# Call of the Dead!



## Thunder (Apr 26, 2011)

http://www.youtube.com/watch?v=KZJBc_BE3Ws

Dunno whether this has been posted, but if not enjoy the video.

Now with new characters!


----------



## AndyB (Apr 26, 2011)

Oh Romero, you so dead.


----------



## Dimitri Petrenko (Apr 27, 2011)

Commence tea bagging on buffy the vampire slayer


----------



## Psychonaut (Apr 27, 2011)

LOL, CALL OF DUTY
CALL OF DUTY, LOL


----------



## Dimitri Petrenko (Apr 27, 2011)

Psychonaut said:


> LOL, CALL OF DUTY
> CALL OF DUTY, LOL


 
This isnt call of duty this is nazi zombies


----------



## AndyB (Apr 27, 2011)

Dimitri Petrenko said:


> This isnt call of duty this is nazi zombies


 
Well what game are you starting up then?


----------



## Trent the Paladin (Apr 27, 2011)

Sounds like a cool team, but what was wrong with the four people we've been stuck with since WaW?


----------



## Thunder (Apr 27, 2011)

AndyB said:


> Well what game are you starting up then?


 
Assassin's Creed.


----------



## AndyB (Apr 27, 2011)

Tom said:


> Sounds like a cool team, but what was wrong with the four people we've been stuck with since WaW?


 
To be fair this one is alot more.. crazy and OTT. 

@Thunder.. Ass indeed


----------



## Thunder (Apr 27, 2011)

I was hoping to see the Andyface D:


----------



## Dimitri Petrenko (May 5, 2011)

It appears that tank and the others are stuck in a lil door while you gotta free them, if you do you get the wonderwaffe.


----------



## Thunder (May 5, 2011)

Dimitri Petrenko said:


> It appears that tank and the others are stuck in a lil door while you gotta free them, if you do you get the wonderwaffe.


 
Saw that, seems like such a pain to go through.


----------



## Dimitri Petrenko (May 5, 2011)

Thunderstruck said:


> Saw that, seems like such a pain to go through.


 
****ing worth it though well atleast its possible in solo unlike the ascension easter egg


----------



## Thunder (May 5, 2011)

Never heard of the Ascension Easter egg.

I hate how in CotD, the Juggernog machine is so far away.


----------



## NyaaCat (May 5, 2011)

Love the new map.
Miss the characters though!!
But i can't finish the last step to free them.


----------



## Dimitri Petrenko (May 7, 2011)

Thunderstruck said:


> Never heard of the Ascension Easter egg.
> 
> I hate how in CotD, the Juggernog machine is so far away.


 
Try shi no numa thats a pain in the ass since the perk location are random


----------



## SonicPinhead (May 7, 2011)

Dimitri Petrenko said:


> Try shi no numa thats a pain in the ass since the perk location are random


 
They make all the perk drinks in the most inconvenient of places, especially Juggernog. Kino's one of the worst for Juggernog.


----------



## Dimitri Petrenko (May 7, 2011)

SonicPinhead said:


> They make all the perk drinks in the most inconvenient of places, especially Juggernog. Kino's one of the worst for Juggernog.

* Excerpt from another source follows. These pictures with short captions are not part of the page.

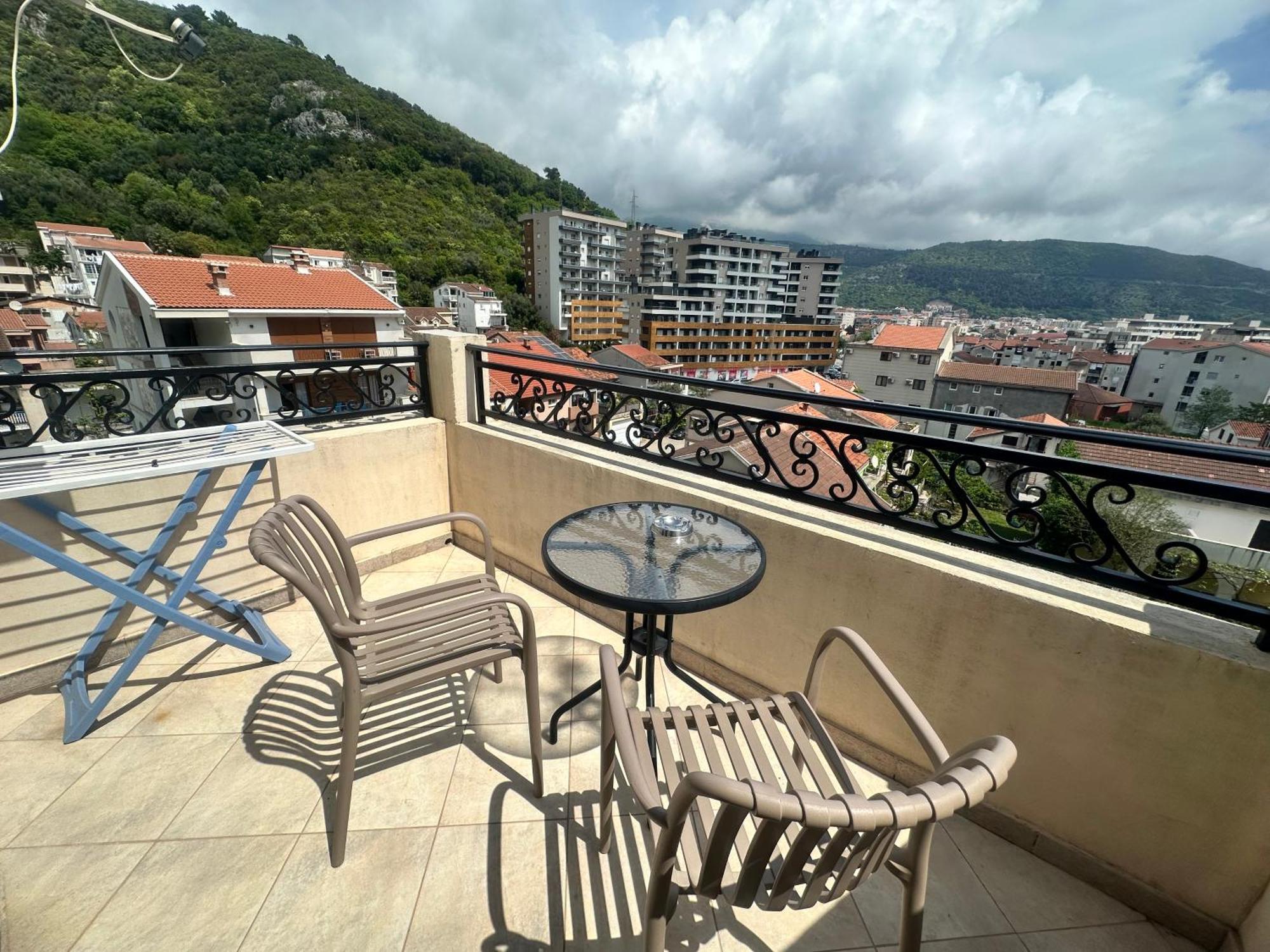 Apartments Manojlovic Budva Exterior foto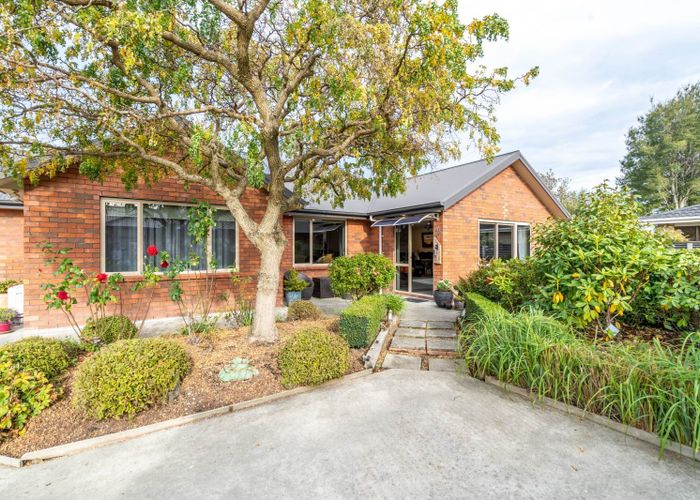 Free property data for 96 Park Street, Winton homes.co.nz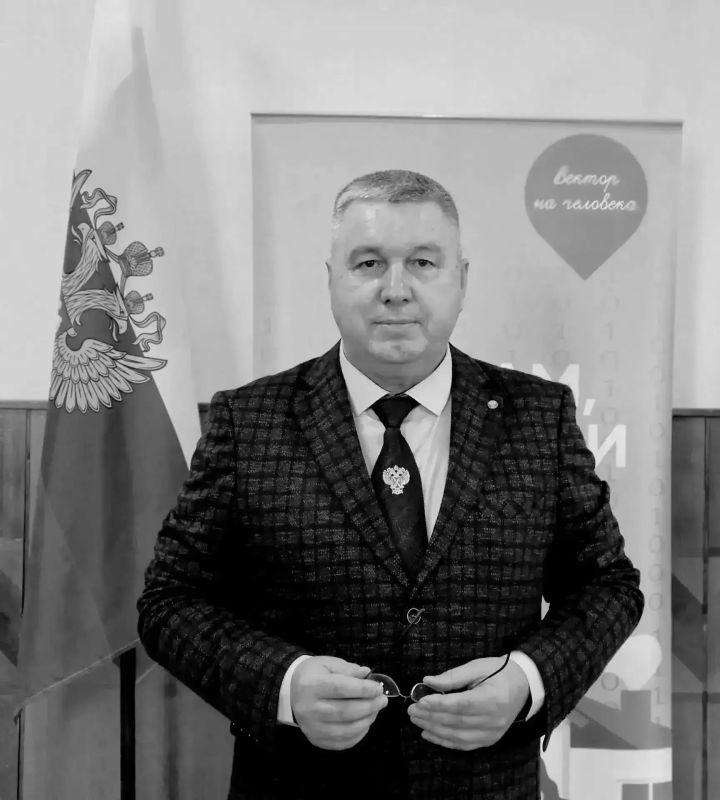 Как сообщает канал Блокнот Херсон, ушёл из жизни руководитель Управления Росреестра по Херсонской области Василий Романов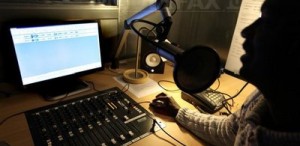 Topul celor mai ascultate posturi de radio româneşti. Cine conduce în clasament?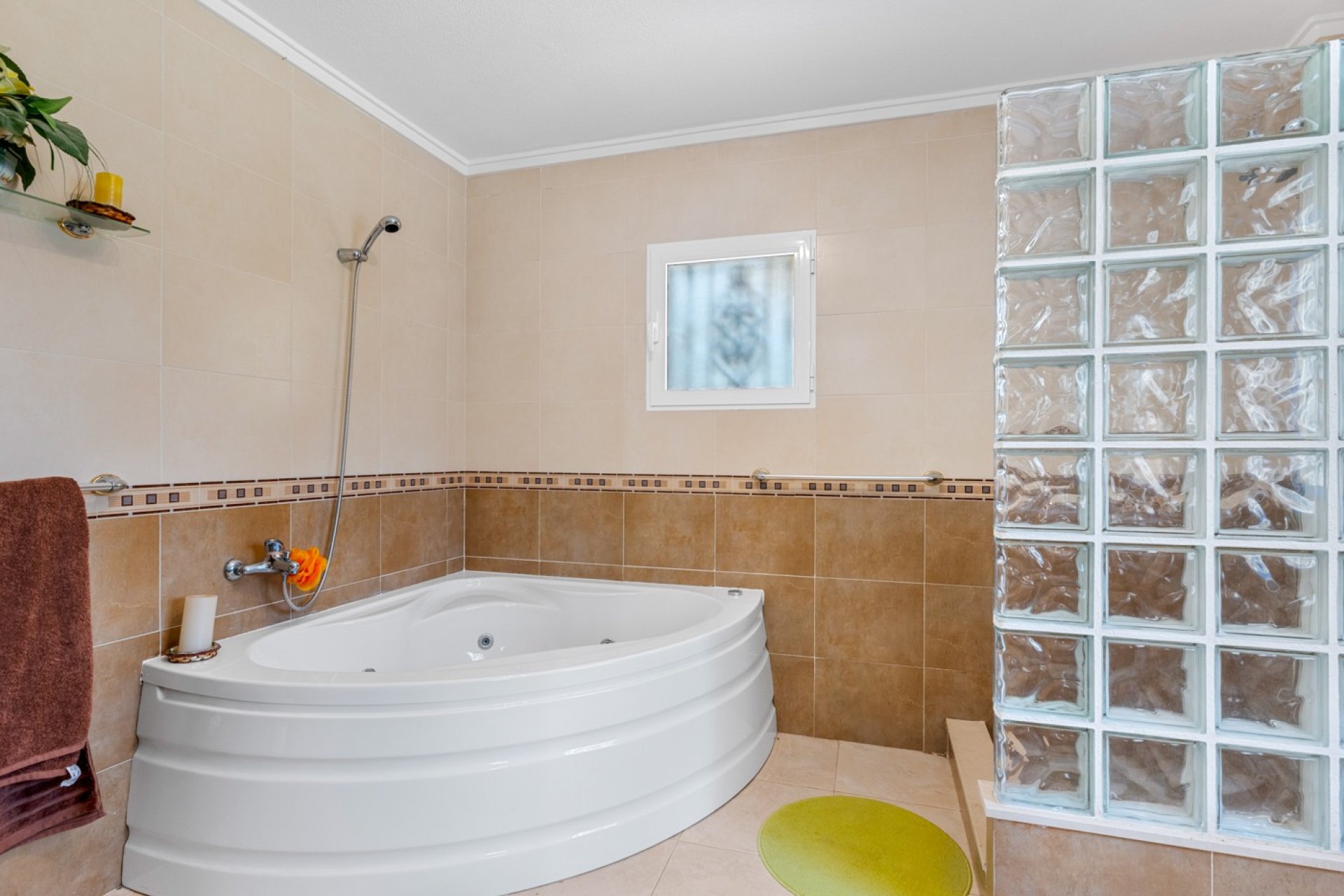 Villa de lujo con piscina privada y jardín en Vistabella, cerca de Jacarilla, Costa Blanca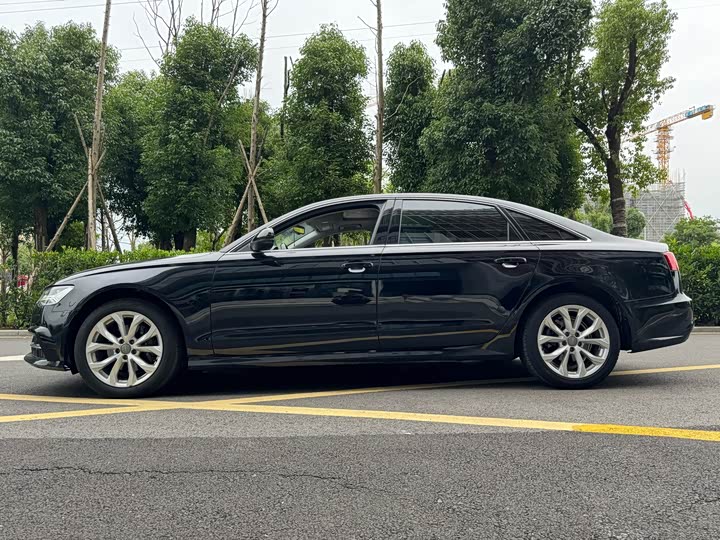 Audi A6L 2018 30 35 TFSI — фото 10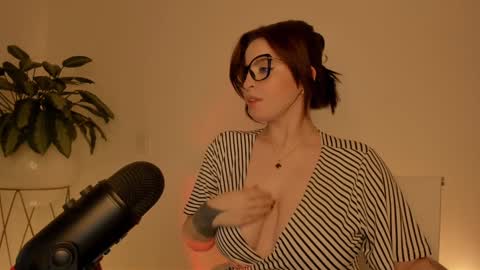 Snapshot of camidoll_10 chatting on 12-22-24, 07:31 camila online show from 12-22-24, 07:31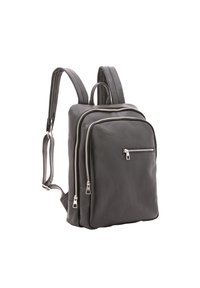 Sac à dos en cuir noir avec deux zippers avant et des bretelles réglables. Texture lisse, forme rectangulaire et design minimaliste.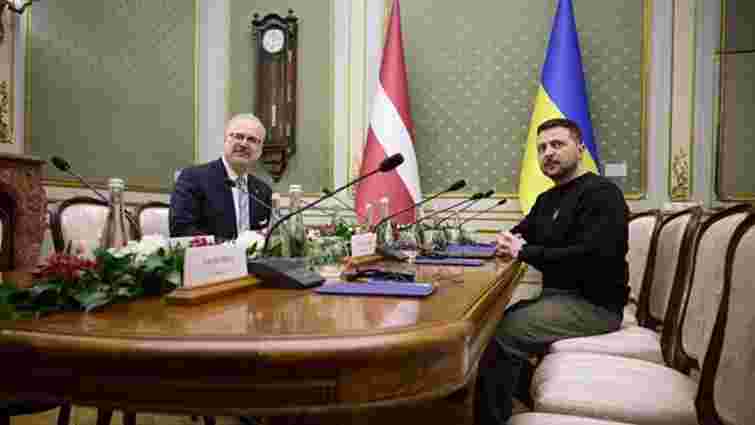 Президенти України та Латвії обговорили у Львові створення міжнародного трибуналу над Росією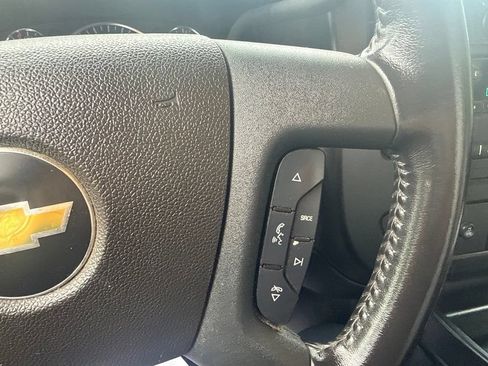 Used 2022 Chevrolet Express 3500 w/ Power Convenience Package RWD image 16
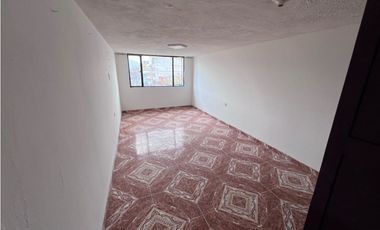 SE ARRIENDA CASA EN BARRIO CARVAJAL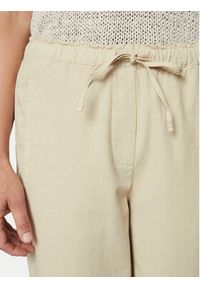Marc O'Polo Spodnie materiałowe M03 1340 10317 Beżowy Slim Fit. Kolor: beżowy. Materiał: bawełna
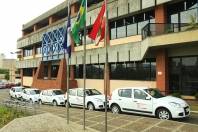 	Os 13 veículos adquiridos para reforçar a frota da rede de postos de saúde da cidade estão expostos em frente a sede da Prefeitura até a próxima segunda-feira (13/2), às 9 horas, quando serão entregues, oficialmente, pelo prefeito Carlito Merss. - Fotografo: Kátia Nascimento - Data: 08/02/2012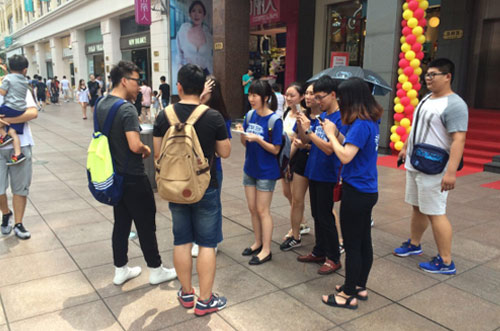 高顿CPA学员在上海南京路步行街调研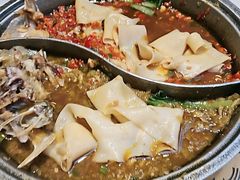 -阿瓦山寨·湘菜现炒·剁椒鱼头王(咸阳总店)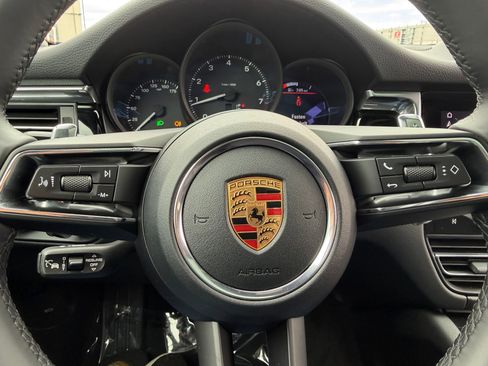 Certified 2026 Porsche Macan AWD/4WD image 31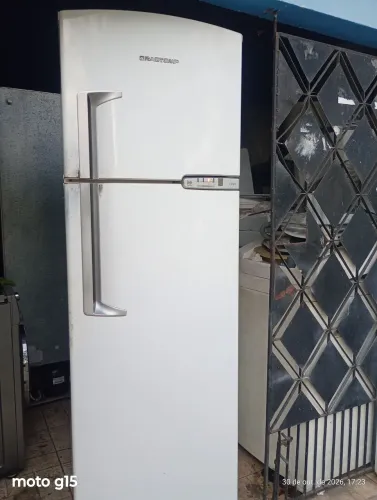 Vende-se geladeira Brastemp Frost Free com garantia de 60 dias.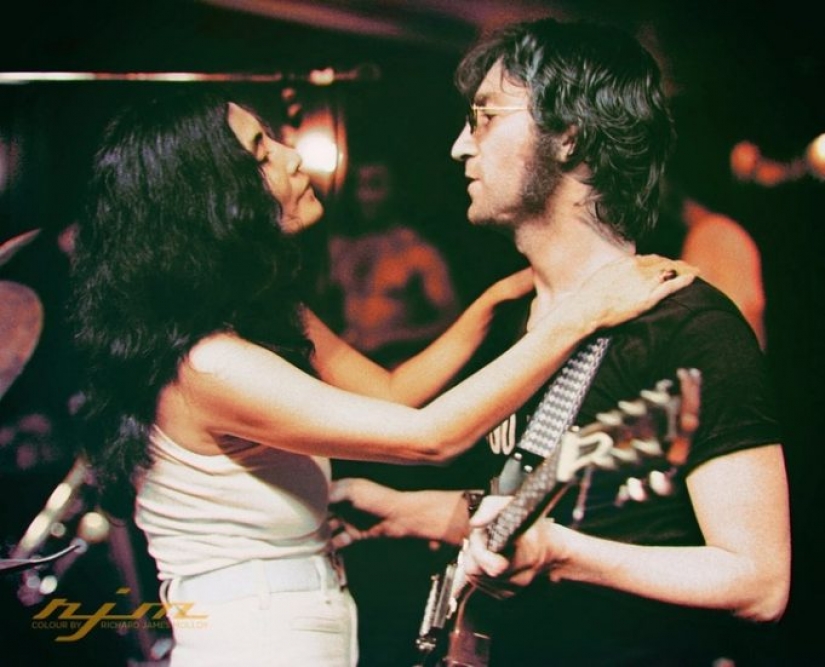 19 colored historical photographs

 I find verruckt terrible seeming as your upstairs most of the game but then again its the first map to have perks
TBH they got it in the best place  in Five of all maps Heh


----------



## Trent the Paladin (May 10, 2011)

Dimitri Petrenko said:


> Try shi no numa thats a pain in the ass since the perk location are random


 
The map is a pain. I'm still trying to get Deadhead and Big Baller. 

And Five they had to put them in decent locations, everything else about that map pretty much sucked.


----------